Homework 6. Languages for faster text searching

[131 home > Homework]


You’re working for Dudelsack, a data analytics firm that deals with large sets of large log files. A set might contain 100 million files, and a file might have a few lines or a billion lines or more. Lines are almost always less than 256 bytes each, though a few can be quite long (as much as a GiB). Although your company has indexing techniques for many of your searches, some of them boil down to running the ‘grep’ command with a regular expression, searching for any match in any line of any file of a set.

Although you can use GNU grep -r for this, you’d like something faster. One problem you notice is that grep -r uses only sequential code; if grep were multithreaded then it could search files in parallel, or parts of a single large file in parallel, and could perhaps get results faster that way, though you would have the issue of outputting lines in the correct order.

GNU grep is written in C, but your company is willing to rewrite it in some other language if that would make it easier to parallelize in this way. Your boss asks you to investigate the possibility of using Rust. (Other employees will get different languages.)

Do some research on the chosen language and its support software as a potential platform. Your research should include an examination of the language and system documentation to help determine whether it would be effective. We want to know whether the language supports the proposed application well.

Evaluate the features of the proposed language. What are the biggest strengths and weaknesses you anticipate when using it for this application?

Write an executive summary that gives the language’s strengths and weaknesses, along with problems for this application. Your summary should focus on the technology’s effects on security, ease of use, flexibility, generality, performance, and reliability; the idea is to explore the most-important language-relevant technical challenges in doing the proposed app.

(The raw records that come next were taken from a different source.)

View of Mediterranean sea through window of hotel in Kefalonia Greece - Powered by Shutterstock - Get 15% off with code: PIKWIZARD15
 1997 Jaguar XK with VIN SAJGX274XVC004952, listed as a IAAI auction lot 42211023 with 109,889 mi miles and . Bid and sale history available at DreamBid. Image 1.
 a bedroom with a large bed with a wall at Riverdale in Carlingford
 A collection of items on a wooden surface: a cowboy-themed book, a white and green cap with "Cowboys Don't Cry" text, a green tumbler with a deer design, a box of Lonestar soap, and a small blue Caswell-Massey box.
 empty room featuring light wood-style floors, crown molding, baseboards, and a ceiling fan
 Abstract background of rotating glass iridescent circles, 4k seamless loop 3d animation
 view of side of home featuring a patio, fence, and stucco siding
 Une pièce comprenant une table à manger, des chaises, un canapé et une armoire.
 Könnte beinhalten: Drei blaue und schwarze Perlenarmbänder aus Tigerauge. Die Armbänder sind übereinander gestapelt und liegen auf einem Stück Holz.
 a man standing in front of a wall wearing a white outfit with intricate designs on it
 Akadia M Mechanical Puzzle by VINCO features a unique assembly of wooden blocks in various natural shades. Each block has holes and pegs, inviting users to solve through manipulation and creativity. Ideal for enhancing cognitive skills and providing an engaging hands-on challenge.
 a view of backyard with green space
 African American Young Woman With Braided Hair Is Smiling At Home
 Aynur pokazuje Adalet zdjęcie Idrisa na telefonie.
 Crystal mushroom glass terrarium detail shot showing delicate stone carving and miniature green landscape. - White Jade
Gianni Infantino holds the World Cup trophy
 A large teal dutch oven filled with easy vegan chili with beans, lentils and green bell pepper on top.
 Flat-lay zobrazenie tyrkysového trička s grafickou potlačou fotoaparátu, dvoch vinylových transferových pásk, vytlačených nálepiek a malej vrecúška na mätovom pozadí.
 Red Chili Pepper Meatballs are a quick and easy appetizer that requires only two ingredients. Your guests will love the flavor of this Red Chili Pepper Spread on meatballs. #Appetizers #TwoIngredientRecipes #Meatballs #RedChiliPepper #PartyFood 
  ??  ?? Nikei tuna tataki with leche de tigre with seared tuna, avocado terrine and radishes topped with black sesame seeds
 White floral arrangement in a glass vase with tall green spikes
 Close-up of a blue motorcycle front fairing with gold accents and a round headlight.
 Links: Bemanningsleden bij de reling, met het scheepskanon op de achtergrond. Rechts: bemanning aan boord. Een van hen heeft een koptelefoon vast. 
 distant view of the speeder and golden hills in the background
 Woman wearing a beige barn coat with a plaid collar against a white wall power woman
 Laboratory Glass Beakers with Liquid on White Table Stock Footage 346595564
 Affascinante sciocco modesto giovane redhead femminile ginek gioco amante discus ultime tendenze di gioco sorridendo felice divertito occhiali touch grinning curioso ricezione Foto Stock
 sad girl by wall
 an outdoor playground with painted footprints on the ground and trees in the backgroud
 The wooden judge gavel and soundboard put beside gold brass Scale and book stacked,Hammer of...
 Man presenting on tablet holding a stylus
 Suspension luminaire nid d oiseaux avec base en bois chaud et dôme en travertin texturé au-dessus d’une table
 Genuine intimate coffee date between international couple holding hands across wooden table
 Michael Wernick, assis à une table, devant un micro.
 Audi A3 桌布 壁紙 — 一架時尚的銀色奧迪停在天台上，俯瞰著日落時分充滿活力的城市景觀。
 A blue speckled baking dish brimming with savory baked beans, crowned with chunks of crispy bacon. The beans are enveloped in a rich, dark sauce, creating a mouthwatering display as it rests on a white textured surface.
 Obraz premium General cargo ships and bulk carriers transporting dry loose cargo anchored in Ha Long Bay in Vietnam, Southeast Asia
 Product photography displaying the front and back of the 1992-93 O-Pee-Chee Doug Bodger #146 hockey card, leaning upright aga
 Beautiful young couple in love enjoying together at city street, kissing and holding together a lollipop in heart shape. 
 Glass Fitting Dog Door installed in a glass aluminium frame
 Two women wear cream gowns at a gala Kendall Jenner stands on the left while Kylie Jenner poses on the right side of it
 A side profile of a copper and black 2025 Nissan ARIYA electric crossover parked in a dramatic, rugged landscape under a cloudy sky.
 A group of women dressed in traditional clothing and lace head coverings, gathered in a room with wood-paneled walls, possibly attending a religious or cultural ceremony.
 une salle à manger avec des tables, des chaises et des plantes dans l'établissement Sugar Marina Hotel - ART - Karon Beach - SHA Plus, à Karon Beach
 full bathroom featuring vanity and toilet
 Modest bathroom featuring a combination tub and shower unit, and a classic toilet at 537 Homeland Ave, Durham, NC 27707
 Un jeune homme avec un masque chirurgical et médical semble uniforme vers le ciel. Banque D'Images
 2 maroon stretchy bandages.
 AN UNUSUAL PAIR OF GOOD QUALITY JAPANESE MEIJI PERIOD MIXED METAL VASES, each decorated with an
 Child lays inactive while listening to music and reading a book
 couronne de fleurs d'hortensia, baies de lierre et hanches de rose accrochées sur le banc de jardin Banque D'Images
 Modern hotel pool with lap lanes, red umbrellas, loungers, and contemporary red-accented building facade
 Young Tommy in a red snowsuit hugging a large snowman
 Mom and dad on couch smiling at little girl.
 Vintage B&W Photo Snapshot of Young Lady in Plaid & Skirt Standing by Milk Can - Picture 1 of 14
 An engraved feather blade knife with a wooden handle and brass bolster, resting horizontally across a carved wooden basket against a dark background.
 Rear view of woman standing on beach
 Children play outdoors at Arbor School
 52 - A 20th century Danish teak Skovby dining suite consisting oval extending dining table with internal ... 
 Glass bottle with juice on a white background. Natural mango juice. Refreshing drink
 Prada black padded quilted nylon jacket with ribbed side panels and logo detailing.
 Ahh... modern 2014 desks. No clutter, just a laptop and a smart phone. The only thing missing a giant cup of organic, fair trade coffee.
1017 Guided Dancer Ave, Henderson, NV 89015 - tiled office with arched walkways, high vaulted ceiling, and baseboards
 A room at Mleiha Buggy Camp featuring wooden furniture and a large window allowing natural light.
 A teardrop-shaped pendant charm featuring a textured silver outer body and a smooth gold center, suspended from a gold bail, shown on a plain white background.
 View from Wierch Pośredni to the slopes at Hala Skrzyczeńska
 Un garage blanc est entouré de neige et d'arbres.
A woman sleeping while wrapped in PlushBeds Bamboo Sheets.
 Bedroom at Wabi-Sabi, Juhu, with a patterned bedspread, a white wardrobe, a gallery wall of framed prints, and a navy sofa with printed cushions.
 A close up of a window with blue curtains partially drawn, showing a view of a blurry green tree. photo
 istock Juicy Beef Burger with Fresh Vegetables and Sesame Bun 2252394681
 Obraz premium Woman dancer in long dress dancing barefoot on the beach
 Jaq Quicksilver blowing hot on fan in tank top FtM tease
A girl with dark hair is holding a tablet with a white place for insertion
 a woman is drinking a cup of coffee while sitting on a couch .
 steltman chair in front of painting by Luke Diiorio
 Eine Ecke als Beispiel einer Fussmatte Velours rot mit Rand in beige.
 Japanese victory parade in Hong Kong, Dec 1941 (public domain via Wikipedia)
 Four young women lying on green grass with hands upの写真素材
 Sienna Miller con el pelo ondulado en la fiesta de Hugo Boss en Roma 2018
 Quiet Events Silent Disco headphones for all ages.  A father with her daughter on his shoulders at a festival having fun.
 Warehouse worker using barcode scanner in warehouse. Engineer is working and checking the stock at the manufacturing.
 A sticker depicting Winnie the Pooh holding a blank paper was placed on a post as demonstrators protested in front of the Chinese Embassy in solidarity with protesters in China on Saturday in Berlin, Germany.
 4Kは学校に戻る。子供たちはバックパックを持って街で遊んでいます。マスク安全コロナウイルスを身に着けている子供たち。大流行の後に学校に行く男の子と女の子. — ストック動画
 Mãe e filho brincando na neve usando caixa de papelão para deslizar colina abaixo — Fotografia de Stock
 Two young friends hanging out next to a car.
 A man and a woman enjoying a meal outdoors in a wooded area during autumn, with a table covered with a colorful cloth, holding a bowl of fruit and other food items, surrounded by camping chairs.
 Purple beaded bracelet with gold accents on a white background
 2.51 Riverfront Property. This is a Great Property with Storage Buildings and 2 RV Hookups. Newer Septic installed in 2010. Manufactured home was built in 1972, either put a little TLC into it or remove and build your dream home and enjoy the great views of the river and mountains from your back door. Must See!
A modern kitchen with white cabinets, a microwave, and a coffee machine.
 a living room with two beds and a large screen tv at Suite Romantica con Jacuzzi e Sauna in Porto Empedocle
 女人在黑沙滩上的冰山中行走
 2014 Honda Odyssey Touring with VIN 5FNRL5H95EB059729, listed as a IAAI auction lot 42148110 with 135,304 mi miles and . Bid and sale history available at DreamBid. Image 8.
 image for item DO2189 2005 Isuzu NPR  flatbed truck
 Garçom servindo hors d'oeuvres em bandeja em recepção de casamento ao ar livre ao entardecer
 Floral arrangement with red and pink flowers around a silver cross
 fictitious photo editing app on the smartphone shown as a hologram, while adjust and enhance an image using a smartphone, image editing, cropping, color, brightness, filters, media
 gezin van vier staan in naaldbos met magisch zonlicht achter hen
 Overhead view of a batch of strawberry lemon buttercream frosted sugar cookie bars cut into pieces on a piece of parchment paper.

The summary should be suitable for Dudelsack’s software executives, that is, for readers who have some expertise in software, and who know C and C++ reasonably well, along with all the languages already covered in this class.

The summary should be in 10-point font or larger and should be at most two pages. You can put references and appendixes in later pages, if you can’t get under the page limit: the appendixes can contain any source code or diagrams that don’t otherwise fit. Please keep the resources for written reports and oral presentations in mind, particularly its rubrics and its advice for citations to sources that you consulted.

You are allowed, indeed encouraged, to use generative AI like ChatGPT to write your summary. However, you must cite this source just like any other source, and must put into an appendix a complete log of your session (both prompts and results) with ChatGPT or similar service.

For the purpose of this assignment, assume the latest stable version of the language; you need not worry about portability to earlier versions. Specify the version number in your summary.


Submit a file hw6.pdf containing your summary.